From 2002 to 2007, the exchange rate between the euro and the dirham has plunged by 28 per cent, making EU goods almost one-third more expensive.

Even for exports the dollar peg does not make sense. The US accounted for only 1.2 per cent of UAE exports in 2006 even as Japan bought 26.4 per cent of all UAE export goods in the same year.

Another major issue caused by the dollar slump is falling exchange rates, which is a major worry for the large expatriate population in the GCC countries.

While the nationals and expatriates alike feel the pinch of the rising cost of living, the expatriates face the risk of losing a significant share of earnings to inflation and currency volatility.

The Indian rupee has gained more than 14 per cent against the dirham from the beginning of the year. The exchange rate losses combined with domestic inflation have cut into more than one third of the earnings of Indian expatriates working in the UAE.

Most western expatriates have also suffered heavily from the dirham’s fall.

The GCC invests nearly 25 per cent of its oil revenues in dollar-denominated assets, according to a study by the Federal Reserve Bank of New York.

The euro would be the biggest beneficiary should the GCC shift reserves since the euro zone is one of the Arab region’s biggest trading partners.

Euro-zone exports to all oil producing nations, including those in the Gulf, had climbed $77 billion to hit $167 billion from 2002-2006.

Further adding to revaluation talk has been the dollar’s generalised weakness, which was exacerbated by the Fed’s recent rate cut.
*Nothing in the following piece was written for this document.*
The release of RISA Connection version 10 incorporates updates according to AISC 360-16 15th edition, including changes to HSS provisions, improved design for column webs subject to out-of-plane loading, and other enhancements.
At $3.5 trillion, the currency reserves of the oil-producing nations are roughly three times the size of China’s, and their current account surplus of $500 billion is more than twice as high.

A diversion of even part of this financing base would further undermine the dollar, which has been hammered by the large and growing US current account deficit, analysts say.

Already, Qatar’s $50 billion sovereign wealth fund has cut its exposure to the dollar by more than half to around 40 per cent of its portfolio over the past two years.